Bijelo Dugme chronology
| Singl ploče (1976–1980) (1982) | ...a milicija trenira strogoću! (i druge pjesmice za djecu) (1983) | Uspavanka za Radmilu M. (1983) |

= ...a milicija trenira strogoću! (i druge pjesmice za djecu) =

...a milicija trenira strogoću! (i druge pjesmice za djecu) is a children's music album recorded by Yugoslav child singer Ratimir Boršić "Rača" and Yugoslav rock band Bijelo Dugme, released in 1983.

==Background==
The lyrics for the album were written by poet Duško Trifunović, with whom Bijelo Dugme had previously cooperated on several occasions, and the music was composed by Bijelo Dugme leader Goran Bregović. All the members of Bijelo Dugme took part in the recording, excluding the band's vocalist Željko Bebek. It was initially planned for pop rock singer Seid Memić "Vajta" to sing the vocals, but eventually, vocals were recorded by the eleven-year-old Ratimir Boršić "Rača". The album was released under the names of both band and singer.

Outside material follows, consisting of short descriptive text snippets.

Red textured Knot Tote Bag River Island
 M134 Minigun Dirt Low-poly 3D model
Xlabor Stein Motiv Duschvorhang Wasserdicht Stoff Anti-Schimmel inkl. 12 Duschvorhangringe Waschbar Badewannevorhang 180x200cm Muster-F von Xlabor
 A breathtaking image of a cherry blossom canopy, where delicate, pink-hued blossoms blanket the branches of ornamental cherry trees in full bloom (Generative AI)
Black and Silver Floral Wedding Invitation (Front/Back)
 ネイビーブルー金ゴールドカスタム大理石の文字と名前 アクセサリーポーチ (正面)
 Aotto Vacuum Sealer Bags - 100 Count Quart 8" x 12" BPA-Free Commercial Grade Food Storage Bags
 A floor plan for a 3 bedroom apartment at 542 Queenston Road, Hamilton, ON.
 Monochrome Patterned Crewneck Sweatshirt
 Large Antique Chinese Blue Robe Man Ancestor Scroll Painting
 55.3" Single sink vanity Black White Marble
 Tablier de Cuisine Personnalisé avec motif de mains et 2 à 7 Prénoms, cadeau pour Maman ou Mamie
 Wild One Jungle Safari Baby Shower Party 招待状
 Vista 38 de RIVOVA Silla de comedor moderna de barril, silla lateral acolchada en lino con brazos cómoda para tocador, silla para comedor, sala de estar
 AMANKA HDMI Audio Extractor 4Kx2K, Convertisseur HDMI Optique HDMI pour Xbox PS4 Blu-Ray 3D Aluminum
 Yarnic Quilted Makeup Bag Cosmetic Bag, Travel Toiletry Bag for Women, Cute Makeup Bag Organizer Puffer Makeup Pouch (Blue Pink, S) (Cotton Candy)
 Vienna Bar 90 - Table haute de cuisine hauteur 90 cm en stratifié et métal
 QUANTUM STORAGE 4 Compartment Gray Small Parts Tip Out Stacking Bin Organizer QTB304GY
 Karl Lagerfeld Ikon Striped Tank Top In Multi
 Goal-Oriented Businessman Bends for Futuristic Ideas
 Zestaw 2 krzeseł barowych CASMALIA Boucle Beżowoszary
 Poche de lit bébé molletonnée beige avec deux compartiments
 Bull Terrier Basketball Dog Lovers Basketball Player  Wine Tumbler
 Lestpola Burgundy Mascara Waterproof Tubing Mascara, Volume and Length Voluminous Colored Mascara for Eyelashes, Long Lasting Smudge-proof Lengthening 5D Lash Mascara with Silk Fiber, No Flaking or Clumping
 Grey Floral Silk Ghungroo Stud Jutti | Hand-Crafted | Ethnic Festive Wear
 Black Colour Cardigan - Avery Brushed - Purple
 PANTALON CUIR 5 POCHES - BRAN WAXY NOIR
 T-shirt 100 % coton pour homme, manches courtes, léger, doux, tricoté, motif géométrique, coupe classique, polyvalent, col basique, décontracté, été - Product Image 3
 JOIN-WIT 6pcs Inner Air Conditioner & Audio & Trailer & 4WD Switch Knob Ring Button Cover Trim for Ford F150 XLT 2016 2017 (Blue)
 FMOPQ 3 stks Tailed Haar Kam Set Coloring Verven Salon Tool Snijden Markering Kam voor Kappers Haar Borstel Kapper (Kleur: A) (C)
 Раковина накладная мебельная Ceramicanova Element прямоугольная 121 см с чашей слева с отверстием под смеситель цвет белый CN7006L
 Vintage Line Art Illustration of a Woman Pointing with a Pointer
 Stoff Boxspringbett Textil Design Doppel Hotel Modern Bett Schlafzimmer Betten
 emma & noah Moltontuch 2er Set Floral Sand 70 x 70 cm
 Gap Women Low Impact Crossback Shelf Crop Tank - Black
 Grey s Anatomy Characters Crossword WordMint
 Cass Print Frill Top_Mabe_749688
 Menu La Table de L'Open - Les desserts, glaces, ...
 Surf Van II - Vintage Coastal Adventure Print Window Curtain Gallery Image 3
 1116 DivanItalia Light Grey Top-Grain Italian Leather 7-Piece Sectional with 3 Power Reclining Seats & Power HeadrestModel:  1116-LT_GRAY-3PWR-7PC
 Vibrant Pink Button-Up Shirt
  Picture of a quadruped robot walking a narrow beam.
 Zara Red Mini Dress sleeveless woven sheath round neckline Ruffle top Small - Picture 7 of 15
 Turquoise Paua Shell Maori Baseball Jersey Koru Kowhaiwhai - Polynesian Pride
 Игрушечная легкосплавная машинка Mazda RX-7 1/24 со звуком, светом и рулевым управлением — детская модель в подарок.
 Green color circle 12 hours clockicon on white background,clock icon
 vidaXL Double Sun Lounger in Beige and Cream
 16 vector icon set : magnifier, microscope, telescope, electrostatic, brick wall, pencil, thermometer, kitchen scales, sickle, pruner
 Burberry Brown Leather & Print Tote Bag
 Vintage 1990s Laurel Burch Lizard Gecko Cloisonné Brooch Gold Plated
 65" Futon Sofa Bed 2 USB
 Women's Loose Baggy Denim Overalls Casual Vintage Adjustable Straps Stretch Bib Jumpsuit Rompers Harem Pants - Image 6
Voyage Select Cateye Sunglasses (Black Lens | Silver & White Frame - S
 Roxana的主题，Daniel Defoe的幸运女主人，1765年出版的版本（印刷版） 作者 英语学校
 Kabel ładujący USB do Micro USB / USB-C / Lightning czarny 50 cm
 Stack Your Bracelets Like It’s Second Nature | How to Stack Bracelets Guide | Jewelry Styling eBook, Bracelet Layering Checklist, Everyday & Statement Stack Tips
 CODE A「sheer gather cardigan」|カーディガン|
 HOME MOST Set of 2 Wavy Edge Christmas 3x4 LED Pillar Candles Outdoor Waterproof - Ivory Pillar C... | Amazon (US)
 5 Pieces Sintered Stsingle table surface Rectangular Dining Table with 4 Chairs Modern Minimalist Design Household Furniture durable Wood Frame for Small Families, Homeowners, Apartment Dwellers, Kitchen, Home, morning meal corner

The album cover was designed by Bijelo Dugme's old collaborator Dragan S. Stefanović.

== Track listing ==

| No. | Title | Length |
|---|---|---|
| 1. | "...a milicija trenira strogoću!" ("...and Militia Trains Strictness!") | 3:34 |
| 2. | "Pjesma o vozovima" ("Song about Trains") | 2:49 |
| 3. | "Pjesma o mlijeku" ("Song about Milk") | 2:30 |
| 4. | "Pjesma o bašti, parku i cvijeću" ("Song about Garden, Park and Flowers") | 3:20 |
| 5. | "Pjesma o žmurki i lovu" ("Song about Hide-and-Seek") | 2:45 |
| 6. | "Divlji zapad" ("Wild West") | 2:38 |
| 7. | "Pjesma o životinjama" ("Song about Animals") | 2:40 |
| 8. | "Pjesma o Mocartu" ("Song about Mozart") | 2:40 |
| 9. | "Lava dva" ("Two Lions") | 2:37 |

==Personnel==
- Ratimir Boršić – vocals

===Bijelo Dugme===
- Goran Bregović – guitar, producer, recorded by
- Zoran Redžić – bass guitar
- Ipe Ivandić – drums
- Vlado Pravdić – keyboards

===Additional personnel===
- Duško Trifunović – lyrics
- Mahmut Ferović – recorded by
- Dragan S. Stefanović – design

==Reception==
The album was well received by the critics, who pointed out that Bregović and Trifunović did not consider the child audience "mentally immature".

==Legacy==
The title track was often performed by Bijelo Dugme in concert, and a live version of it appears on the band's live albums Mramor, kamen i željezo (1987) and Turneja 2005: Sarajevo, Zagreb, Beograd (2005).